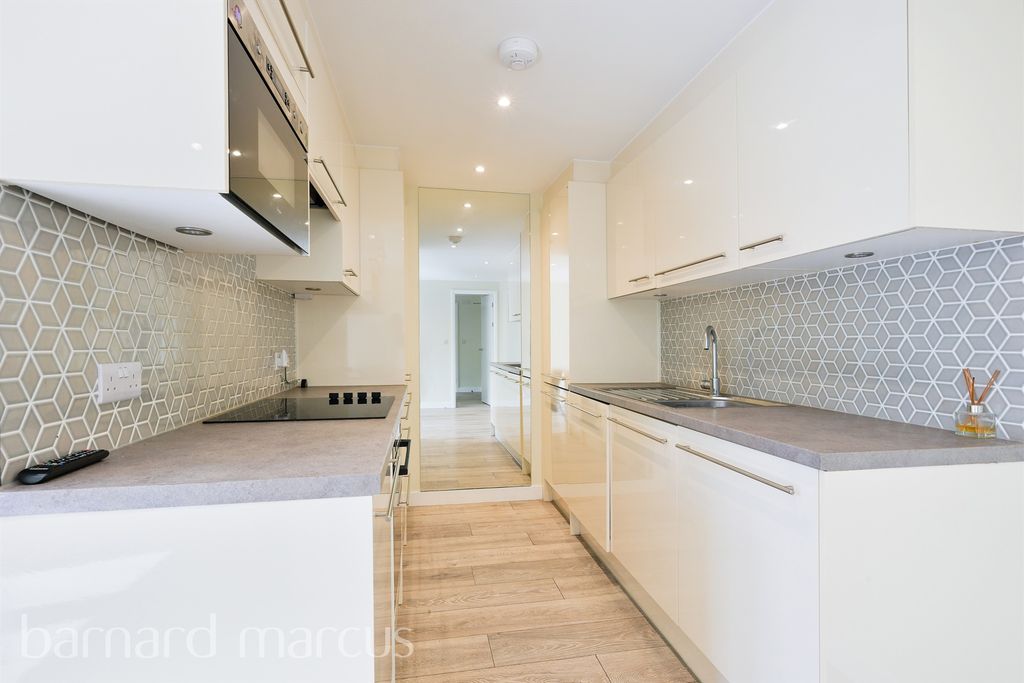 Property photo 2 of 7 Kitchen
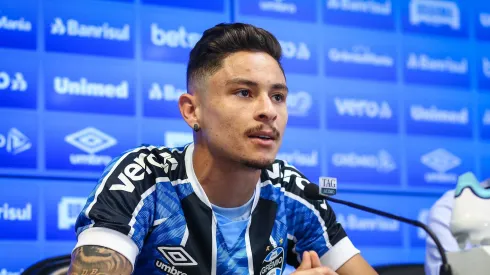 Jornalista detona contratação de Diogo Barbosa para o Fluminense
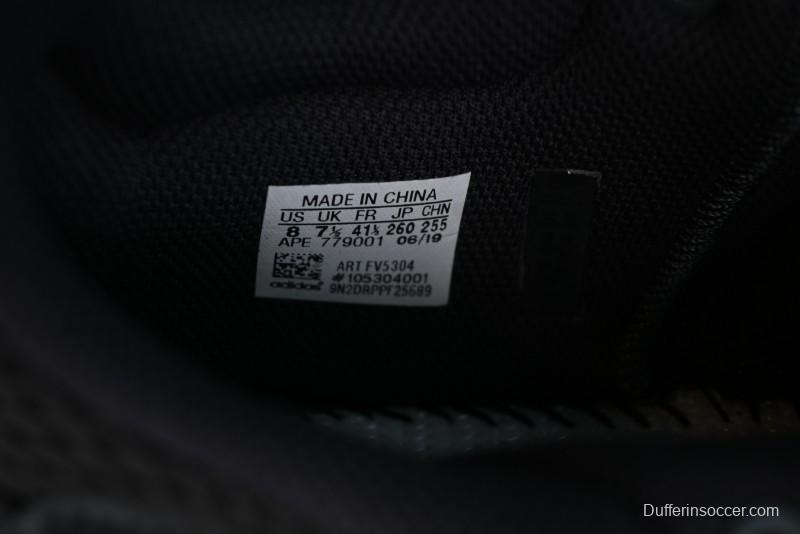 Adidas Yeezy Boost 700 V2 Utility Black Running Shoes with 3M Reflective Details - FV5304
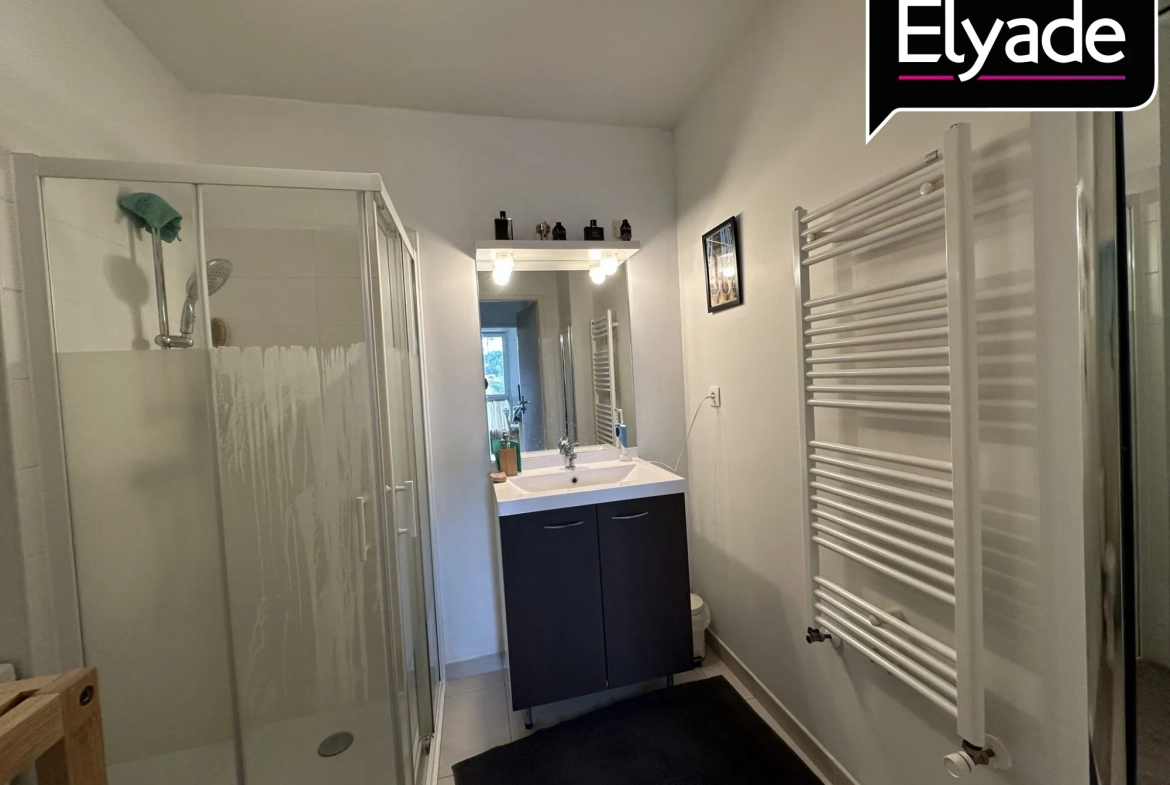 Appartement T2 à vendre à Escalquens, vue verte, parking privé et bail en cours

...

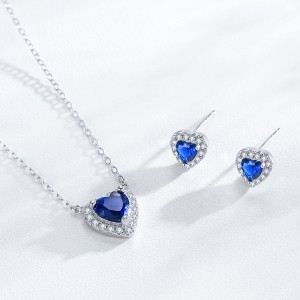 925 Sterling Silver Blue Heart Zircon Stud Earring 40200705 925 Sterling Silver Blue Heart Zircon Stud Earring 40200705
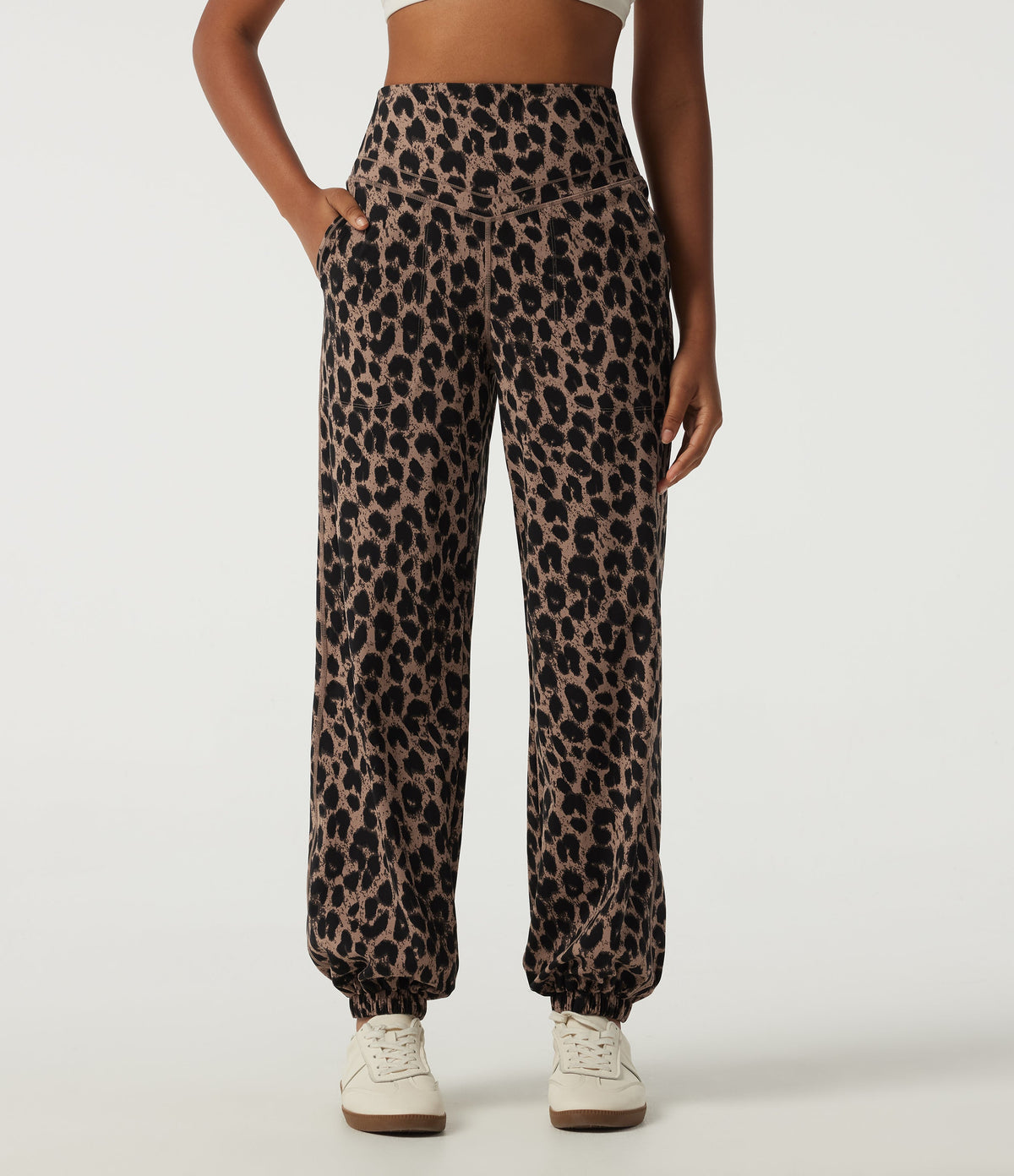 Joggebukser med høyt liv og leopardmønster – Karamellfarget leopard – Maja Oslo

◆ **Directions for this task**: Using the records above, print exactly the lines between the ones containing "Property photo 2 of 7 Kitchen" and "Appartement T2 à", inclusive, and nothing else; no pictures.

◆ **Solution to this exercise**:
 Property photo 2 of 7 Kitchen
 Jornalista detona contratação de Diogo Barbosa para o Fluminense
 Adidas Yeezy Boost 700 V2 Utility Black Running Shoes with 3M Reflective Details - FV5304
 Appartement T2 à vendre à Escalquens, vue verte, parking privé et bail en cours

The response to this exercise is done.